Per sfuggire alla giustizia, Mico sarà costretto a riparare in Texas (cosa???), che altro non sarebbe se non il solito scalcinato villaggio western immerso nella campagna laziale. Il relativo tragitto viene simboleggiato da un'allucinante dissolvenza di binari del treno che si intersecano in un tripudio di colori ultrakitch, forse memori di un'overdose da LSD. In questa seconda parte della nostra sgangherata vicenda (praticamente gli ultimi venti minuti della pellicola a fronte di ottanta minuti scarsi di durata complessiva), il nostro si trasformerà addirittura in un bounty killer (non sto scherzando ma è la pura verità!). Apostrofato dalle bellezze o meglio bruttezze locali con appellativi decisamente trash del calibro di "Che bel muchacho!" e similari finezze, il Sarrabanda incontrerà una congèrie di personaggi uno più assurdo dell'altro tra cui anche il bandito Jim il Nero (Angelo Boscariol), vigliacco e stiratore di femmine (sic!). Ucciso il criminale, Mico potrà finalmente convolare a giuste nozze con l'amata Tara che nel frattempo lo aveva raggiunto in America!!! (arisic!).

Il finale originario del film, proiettato in prima visione assoluta giustappunto in quel di Fiumara, prevedeva l'uccisione di Mico da parte di Tara, per vendicare la morte del padre e del fratello. Per porre fine ad una vera e propria sommossa popolare dei fiumaresi, che male avrebbero digerito la morte del loro idolo, nonchè per evitare un probabile linciaggio del regista (e ce ne sarebbe stato ben donde!), si decise di fretta e furia di girare un finale diverso, che è quello che appare nell'unico master disponibile ricavato da una rarissima videocassetta australiana destinata ai nostri immigrati. Qui i due protagonisti vengono ripresi a correre l'uno verso l'altro al ralentì e inquadrati in campo lunghissimo a distanza iperchilometrica, per consentire al Reitano di cantare, come era sua abitudine a squarciagola, il motivo portante del film "La leggenda di Tara Pokì", accompagnato dalla tromba squillante di Nini Rosso (non so se mi spiego!!). In tale contesto ed in un lampo di genio registico, il volto di Tara si staglia in dissolvenza, come nelle più sgangherate telenovele brasiliane o peggio ancora nei più dilettanteschi filmini matrimoniali realizzati dal fotografo sotto casa.

A completare l'aura di leggenda che aleggia attorno alla pellicola, peraltro circolata pochissimo, è doveroso riportare un'intervista realizzata dalla rivista Nocturno al regista.
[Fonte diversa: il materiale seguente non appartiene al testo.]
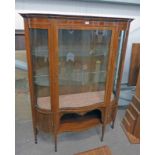 LATE 19TH CENTURY INLAID MAHOGANY DISPLAY CASE WITH SERPENTINE FRONT & SQUARE SUPPORTS 183CM TALL
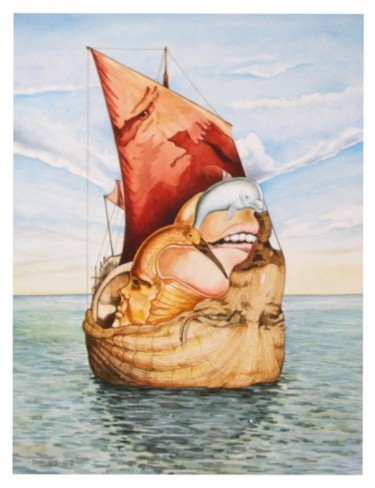 Pittura intitolato "Thor Heyerdahl's Sa…" da Igor Lysenko, Opera d'arte originale, Olio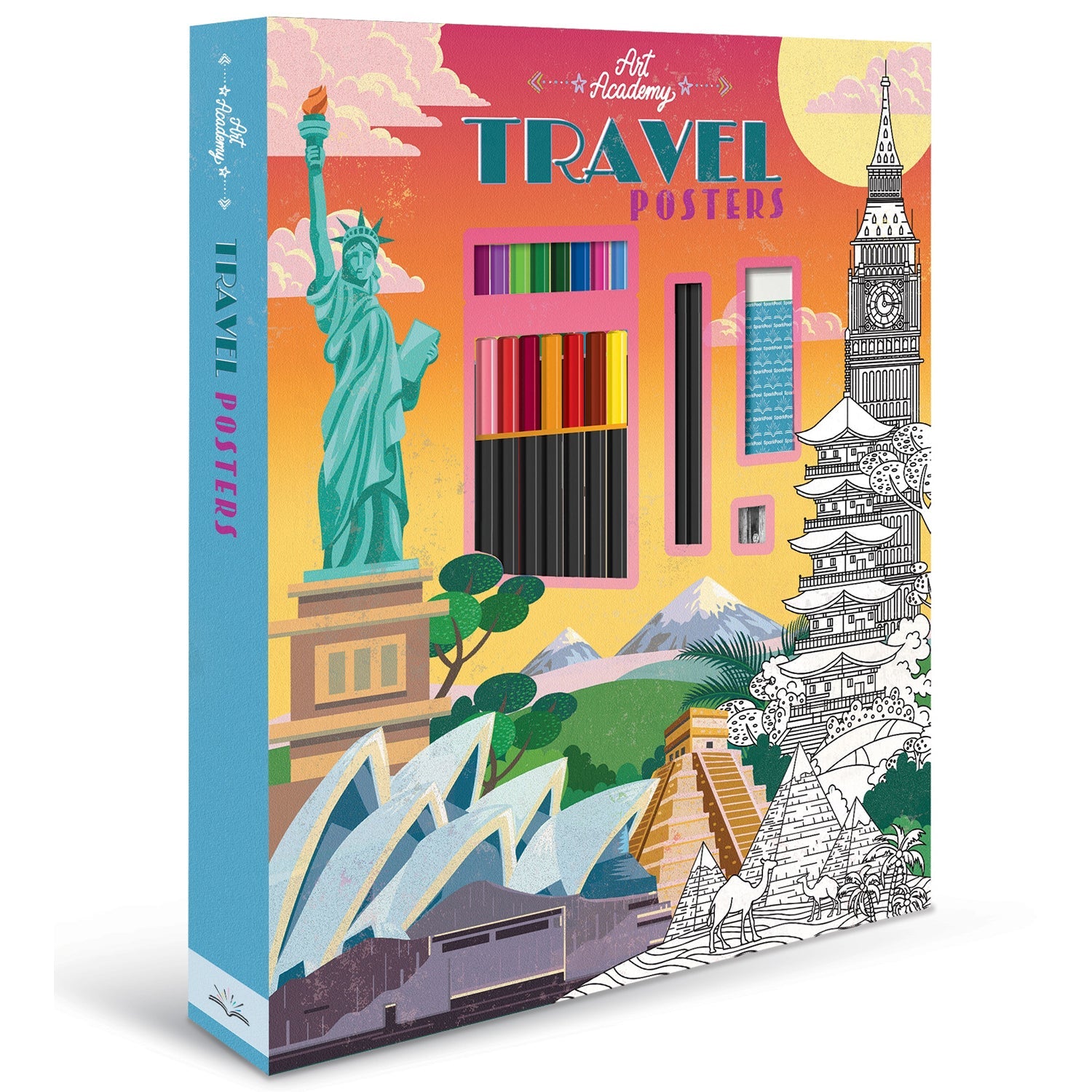 Parragon Publishing Travel Posters Colouring Book, Colour your famous places - 9781837714582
A sentire quest'ultimo, pare che negli studi della Elios Film in cui si giravano gli interni, si accalcassero donne in delirio con in braccio i loro pargoletti invitando il Reitano a toccarli con le sue mani sante e benedette, manco fosse Padre Pio e questo pure li toccava!!!

Un film comunque da vedere e rivedere quale esempio di "pessimo cinema" da parte di un cineasta che fonderà a Livorno, sua città natale, una scuola di regia nella quale, immagino, si possa imparare "a contrariis" tutto ciò che non si dovrebbe fare per realizzare un film decente.